Is print dying? A Pew Internet survey of how Americans got their information during the 2004 campaign suggests that maybe the answer is yes. Anick Jesdanun explains for the Associated Press:

Reliance on the Internet for political news during last year's presidential campaign grew sixfold from 1996, while the influence of newspapers dropped sharply, according to a study issued Sunday.
Eighteen percent of American adults cited the Internet as one of their two main sources of news about the presidential races, compared with 3% in 1996. The reliance on television grew slightly to 78%, up from 72%.

Meanwhile, the influence of newspapers dropped to 39% last year, from 60% in 1996, according to the joint, telephone-based survey from the Pew Research Center for The People and the Press and the Pew Internet and American Life Project.

Nonetheless, Americans who got campaign news over the Internet were more likely to visit sites of major news organizations like CNN and The New York Times (43 percent) rather than Internet-only resources such as candidate Web sites and Web journals, known as blogs (24 percent).

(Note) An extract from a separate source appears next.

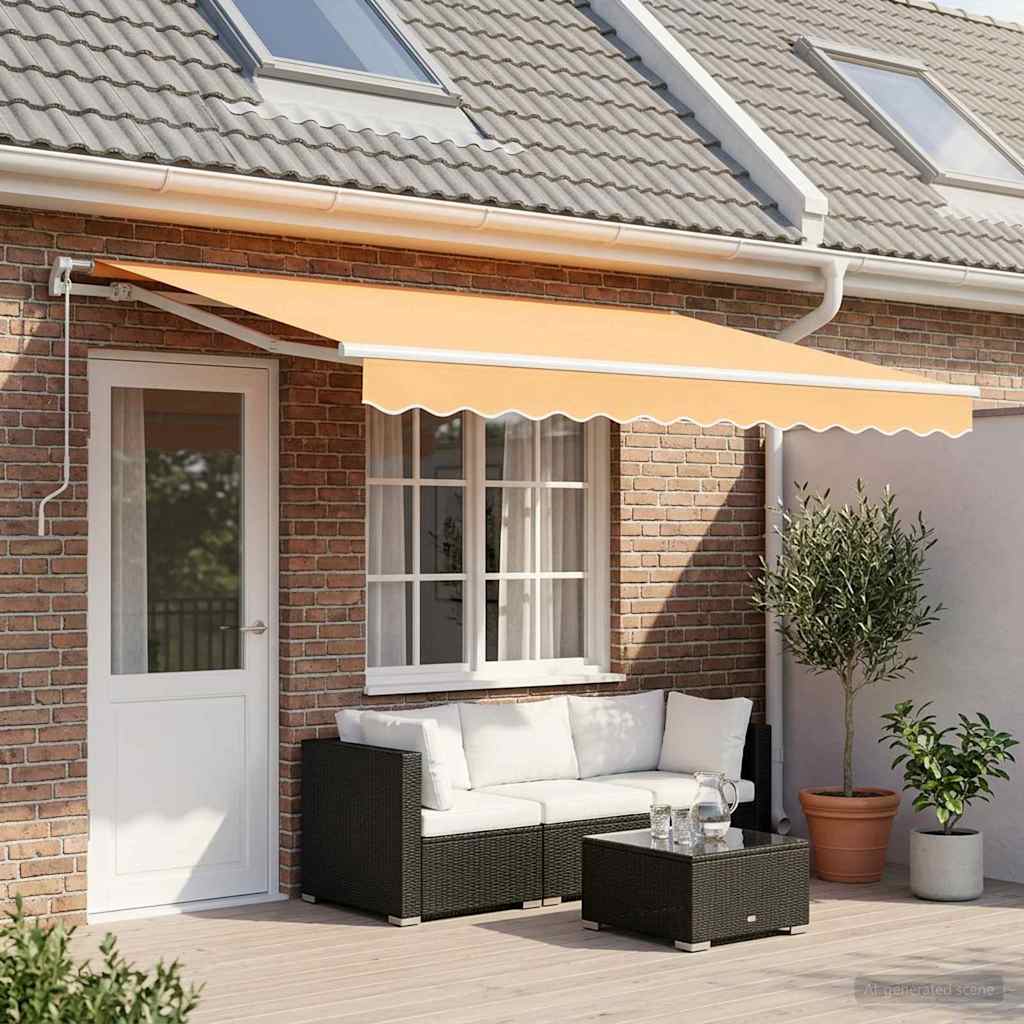 Uitschuifbare luifel Zand 5 x 3 m Polyester en Aluminium is nu te koop bij PeponiXL, paradijselijk wonen!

Twenty-eight percent said they primarily used news pages of America Online, Yahoo and other online services, which carry dispatches from traditional news sources like The Associated Press and Reuters.

"It's a channel difference not a substantive difference," said Lee Rainie, director of the Pew Internet group and author of the study. "Newspaper executives probably now have to think of themselves less as newspaper people and more as content people."

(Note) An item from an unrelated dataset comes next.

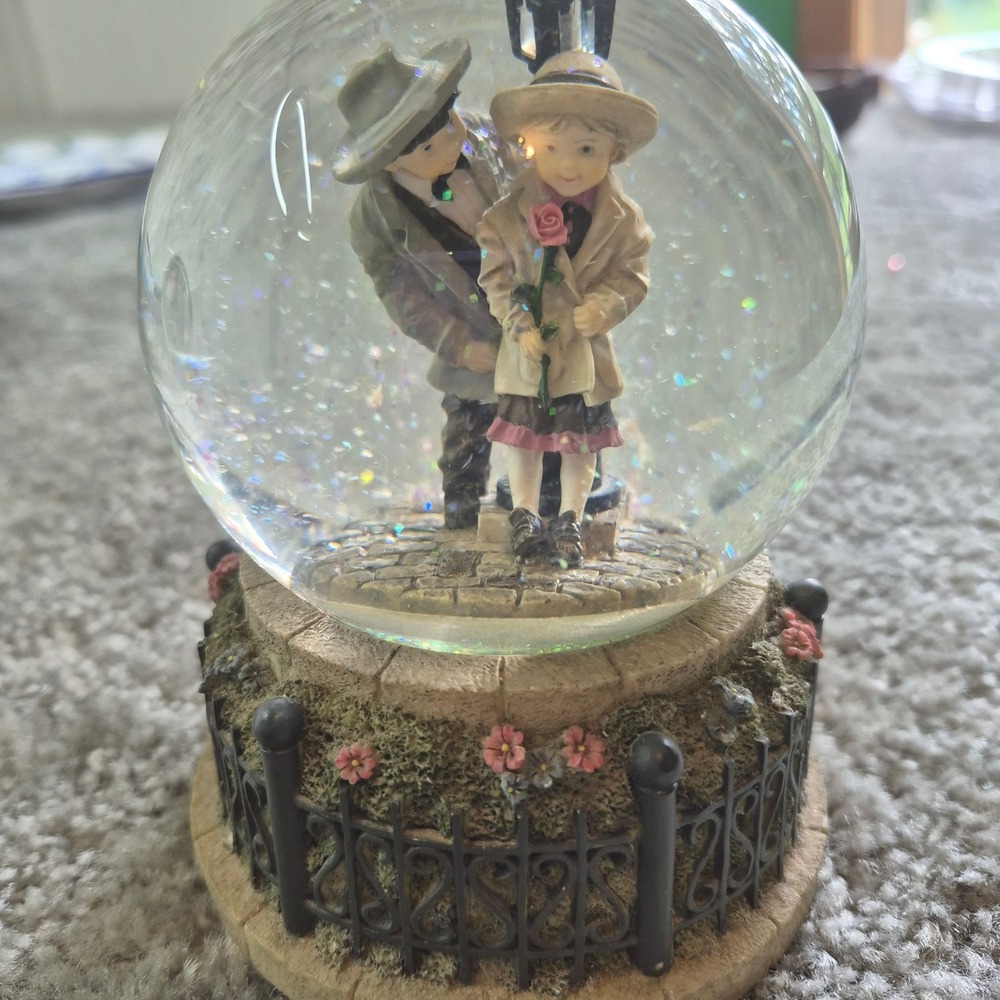 Westland Giftware Kim Anderson Forever Young Musical Light Up Snow Globe 6243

....Fifty-eight percent of political news users cited convenience as their main reason for using the Internet. This group was more likely to use the Internet sites of traditional news organizations or online services.

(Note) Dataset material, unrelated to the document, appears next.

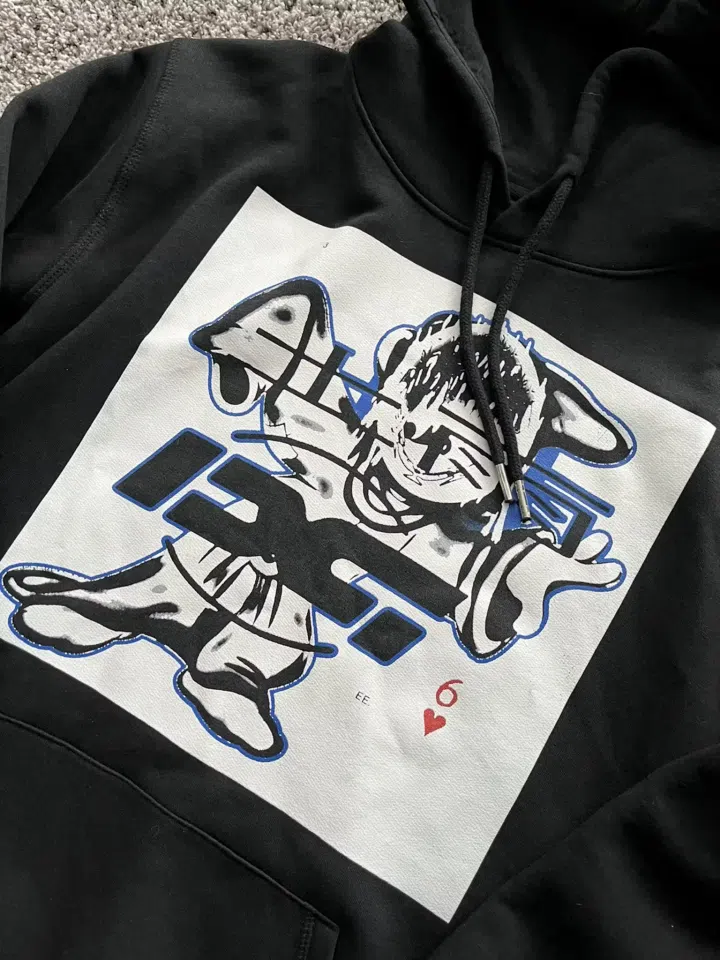 Bladee Rain Earth Dance Hoodie detail image 2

But one-third of political news consumers cited a belief that they did not get all the news and information they wanted from papers and television, and another 11% said the Web had information not available elsewhere. These individuals were more likely to visit blogs or campaign sites for information.

And blogs, Rainie said, likely had an indirect influence on what campaigns talked about and what news organizations covered.

Click here for Editor & Publisher's take on the report. I'm not sure how much newspapers should be panicking in terms of content -- what appears to be happening is that many people have substituted an online version of their newspaper for the print version. Nevertheless, the secular decline is evident, which should scare the business side of the press. The fact that many people are reading even online newspapers through the editorial filter of either an online news page or a blog is what should rattle editors.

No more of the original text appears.